In each of the four steps of the indirect stepwise algorithm, we summarized the number and proportion of patients with (a) a unique match, (b) no match, and (c) multiple matches. The cumulative percent of patients with a unique match was also calculated. In the comparison of the indirect and direct methods, a unique match identified by the indirect stepwise algorithm was considered concordant with the direct merge if it was the same as the unique match from the direct merge method. If the indirect algorithm yielded a unique match but the direct merge method yielded duplicate matches, we initially considered this as a discordant match (Criterion 1). However, in a second evaluation, we considered this a concordant match if the match in the indirect merge method was among one of the duplicate matches in the direct merge method (Criterion 2). We summarized the number and proportion of concordant matches among the unique matches for each step of the indirect algorithm and cumulatively.
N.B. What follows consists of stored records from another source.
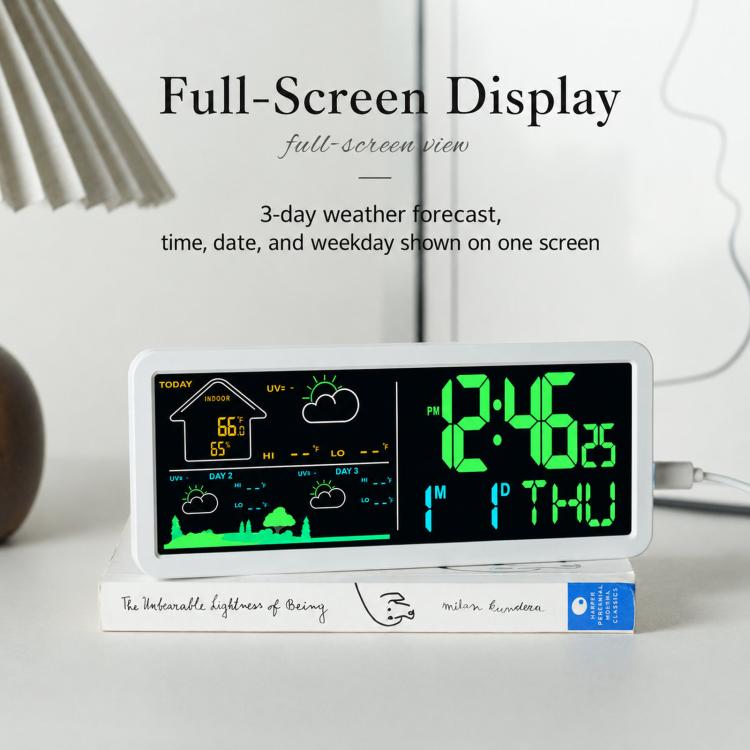 Orologio digitale da parete con stazione meteorologica wireless e sensore esterno, previsioni meteo locali e sveglia da comodino.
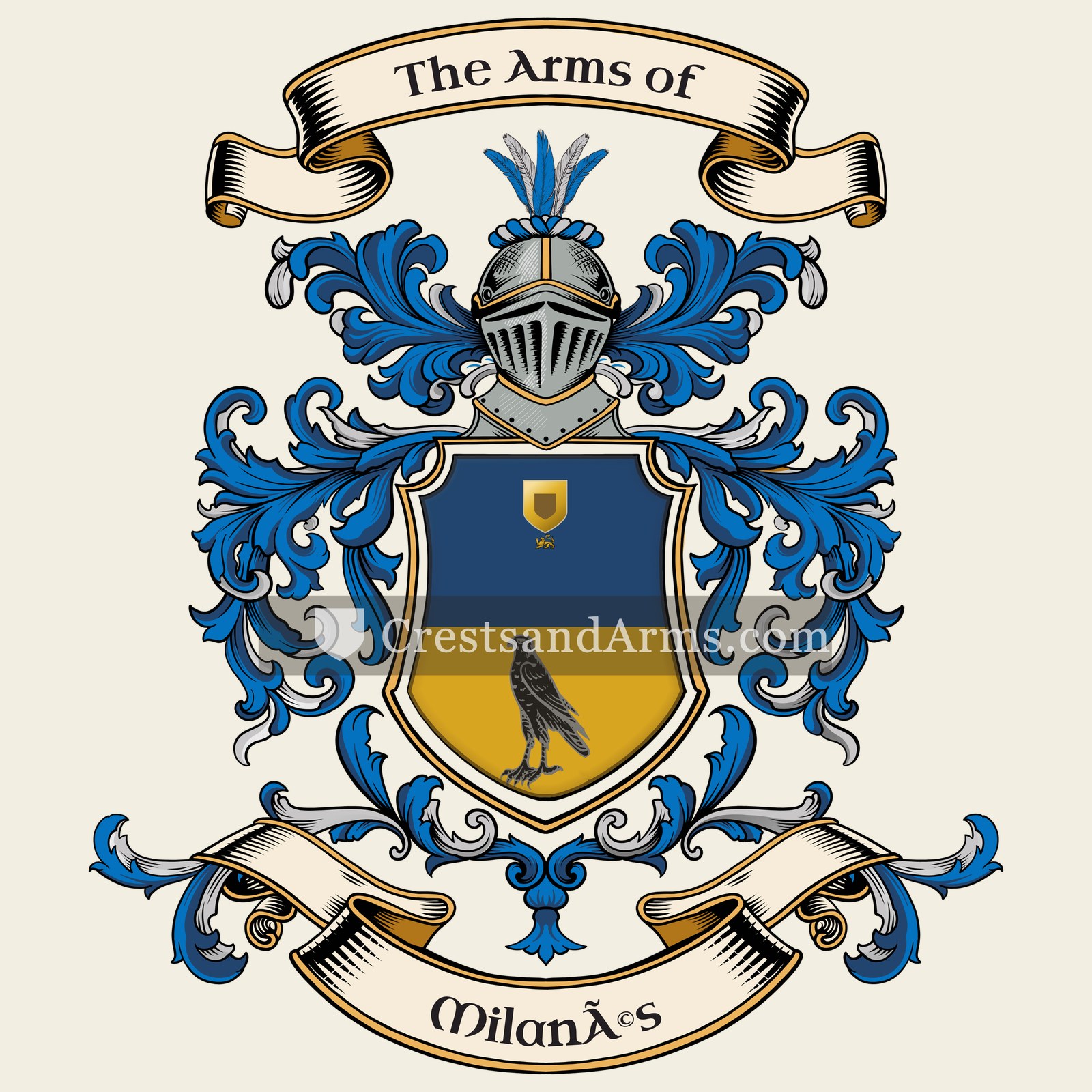 The Milanés coat of arms, drawn from the recorded blazon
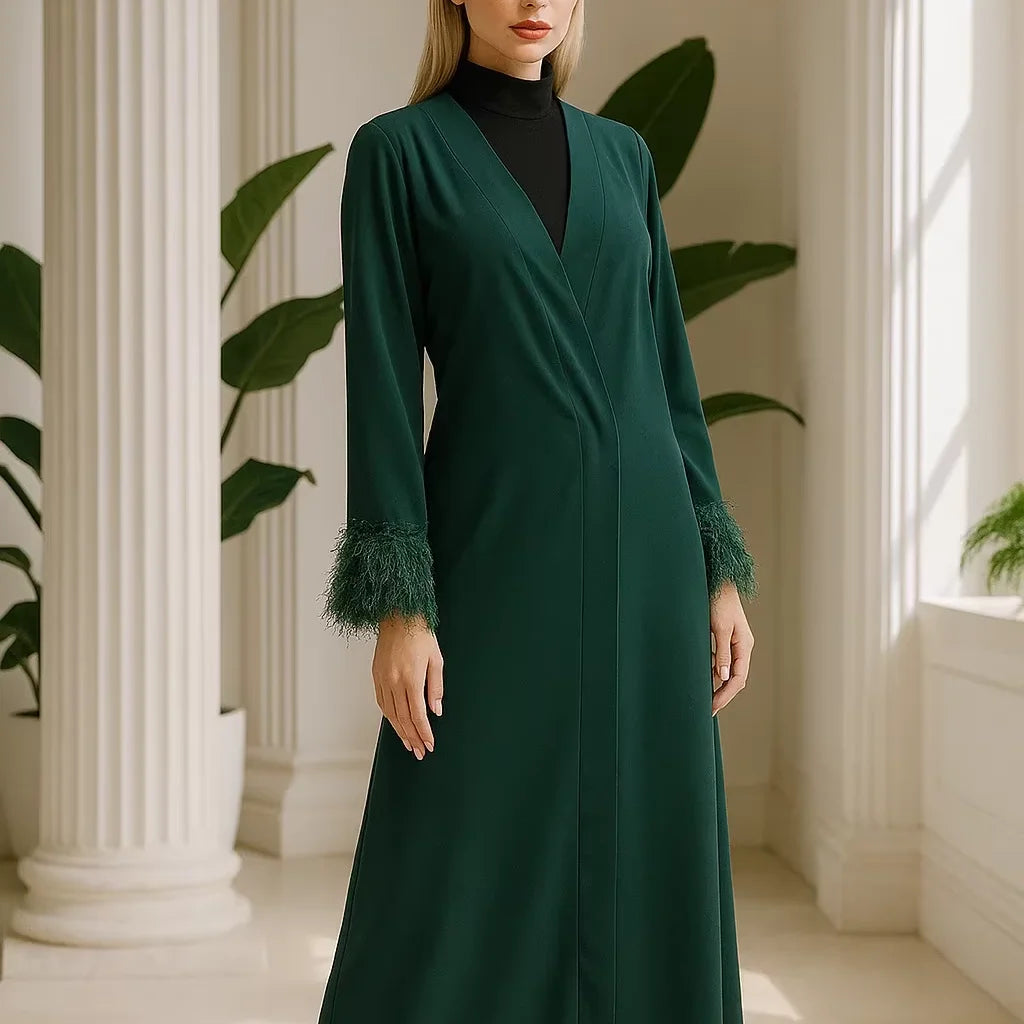 YXA009 Special Design of the Sleeves Elegant Feathers Abaya Modest Fashion Customizable Eid New Customizable Factory Price MegaBDM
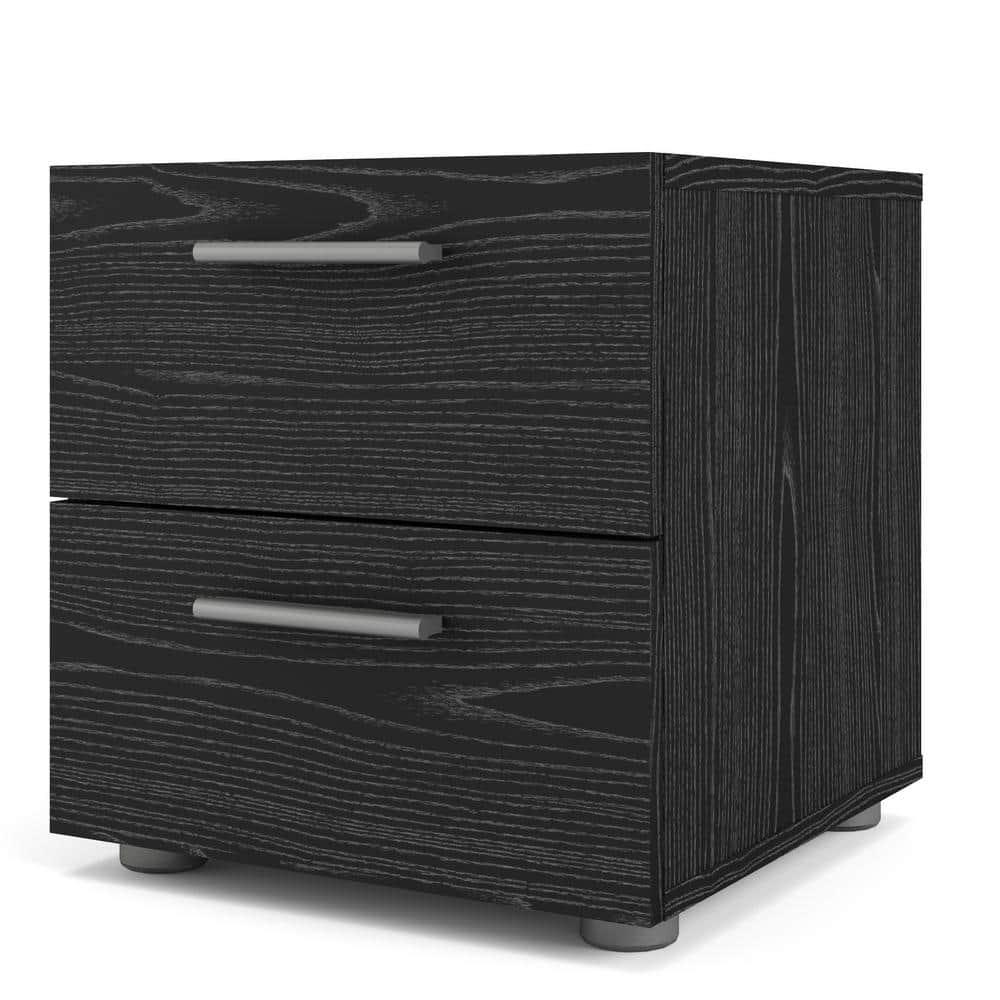 Tvilum, Austin 2 Drawer Nightstand, Black Woodgrain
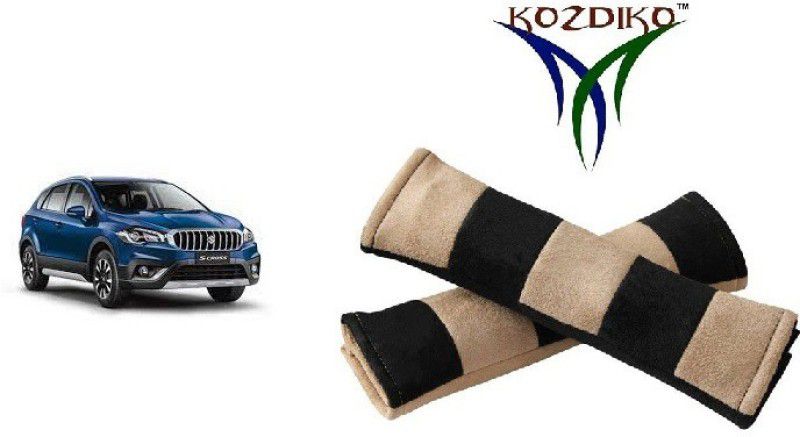KOZDIKO Seat Belt Cushion Pillow Beige Black 2 pcs For Maruti S Cross Seat Belt Buckle  (Pack of 2)
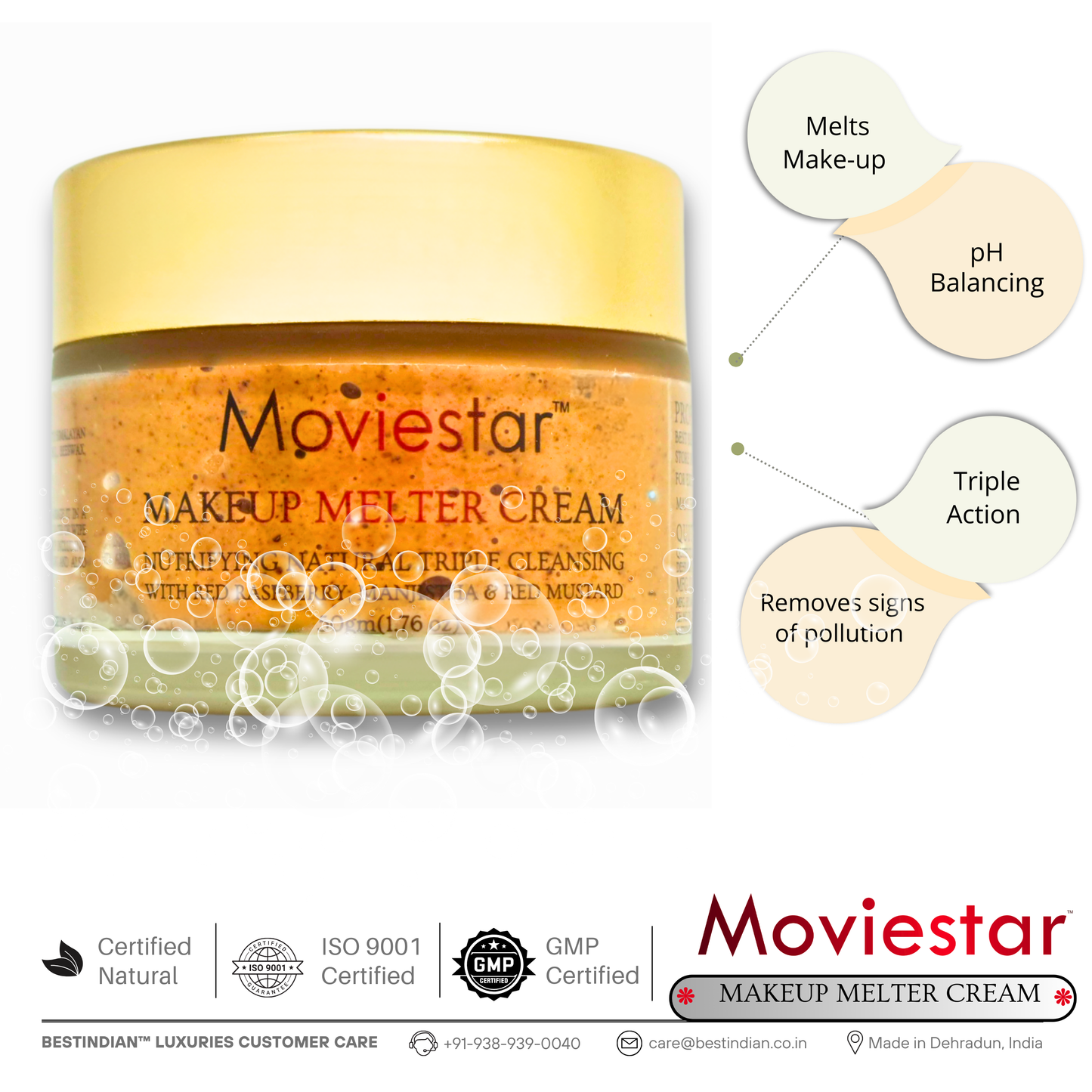 Natural makeup remover cream for sensitive skin that melts makeup, balances pH, and provides triple action cleansing.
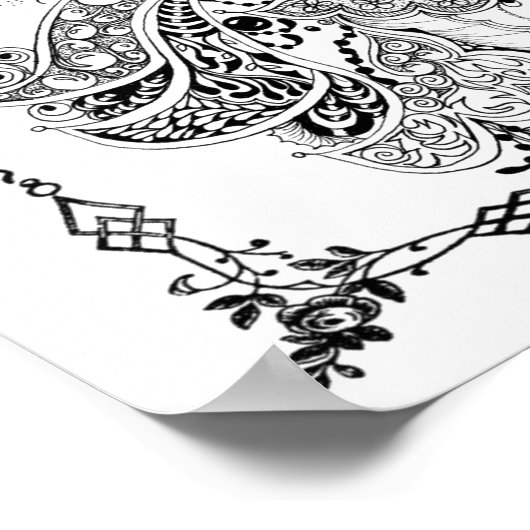 Erwachsenenfarbenposter "Midnight Blooms Art" Poster (Ecke)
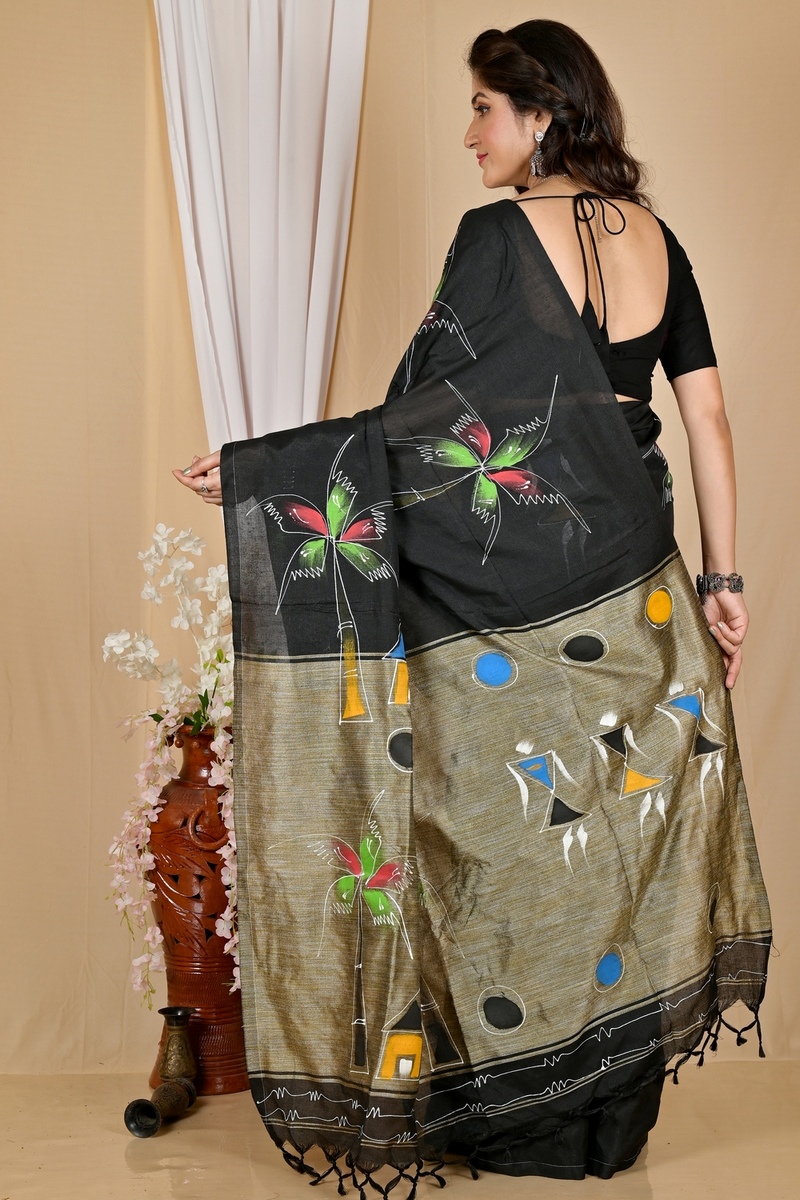 Black Pure Cotton Keshaka Hand Painted Saree (1987)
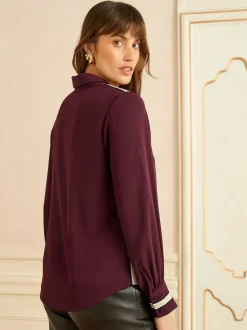 Love & Roses Burgundy Red Metallic Button Through Long Sleeve Shirt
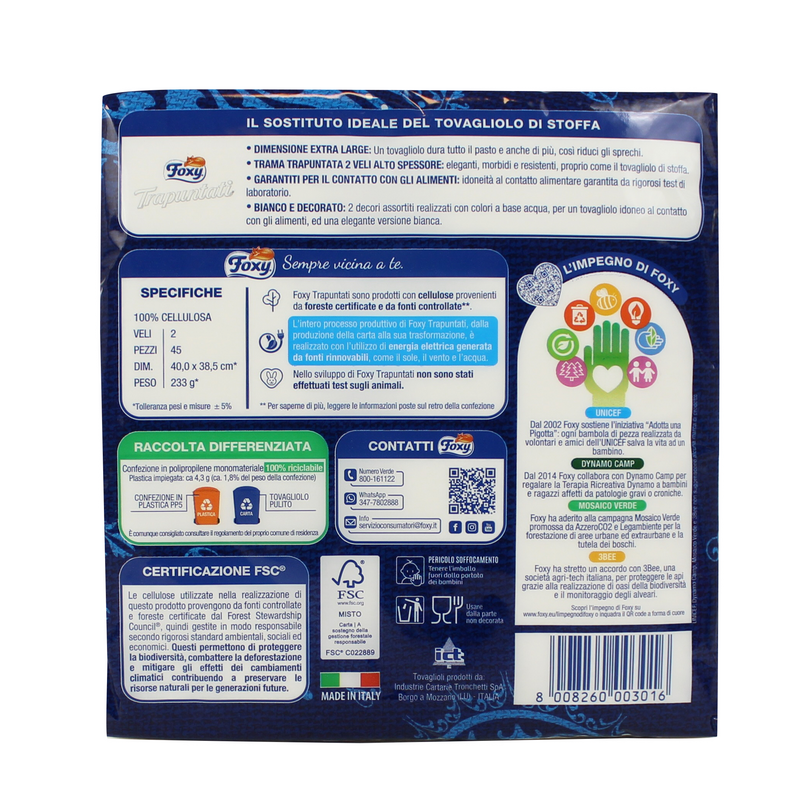 FOXY TRAPUNTATI 45 TOVAGLIOLI 40x38,5 VELI DECORATI PiùMe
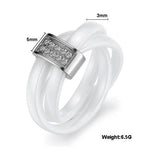 Boniskiss White Ceramic Rope With Silver Tone Stainless Steel Tricyclic Engagement Ring Anniversary Wedding Band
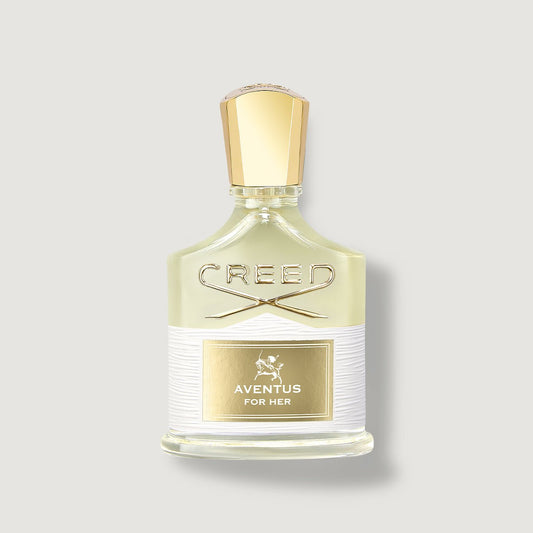 Aventus For Her Creed Aventus for Her perfume bottle on a light gray background
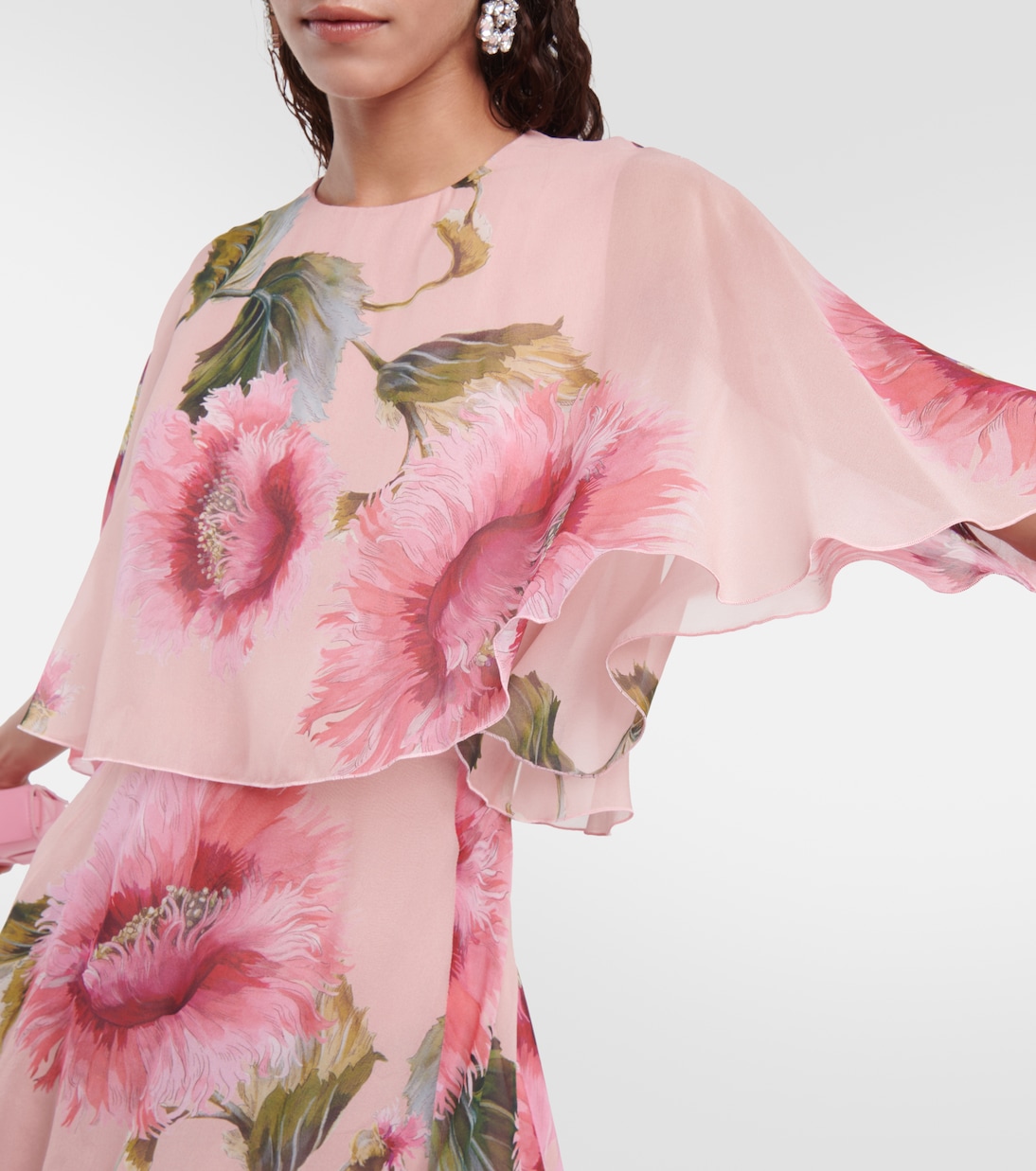 Caped floral silk georgette gown | Giambattista Valli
Protection of Human Subjects

All patients enrolled on AAML0531 and AAML1031 gave informed consent for use of clinical trial data for research. All patient data remained de-identified throughout the merging process. AAML0531, AAML1031, and the merging study were approved by the Institutional Review Board at the Children’s Hospital of Philadelphia.

Results

Of 1,022 eligible patients enrolled on AAML0531, 415 (40.6%) were treated at institutions contributing to PHIS. Table 3 presents the results of the derived indirect stepwise algorithm. In step 1 only 204 (49.2%) unique matches were achieved. The inability to uniquely match the remaining patients was primarily due to discrepancies in the enrollment/admission month and year from the two data sources. Therefore by removing enrollment/admission month in step 2 and enrollment/admission year in step3, we were able to identify an additional 128 and 33 unique matches, respectively. With fewer matching constraints in steps 2 and 3, there were more COG patients matched to multiple records from PHIS. By step 3 there were 34 COG patients matched with multiple PHIS records. In an effort to reduce these multiple match scenarios, enrollment/admission year was added back in step 4 allowing for a window of +/-1 year. This identified 13 additional unique matches. The cumulative percent of unique matches for the indirect stepwise algorithm was 91.1% (378 out of 415 patients). In contrast, the percent of unique match for the direct merge method was 92.3% (383 out of 415 patients). As described in [5], using the direct merge method on AAML0531, patients who were matched and patients who were not matched had similar demographics including age, gender and race, so the matched patients were a representative sample of the entire trial population. In addition to the initial admission, the matching rates for subsequent courses of chemotherapy were also high (92% to 95%) [5].

thumbnail
Table 3. Matching results using the indirect stepwise algorithm, developed on AAML0531.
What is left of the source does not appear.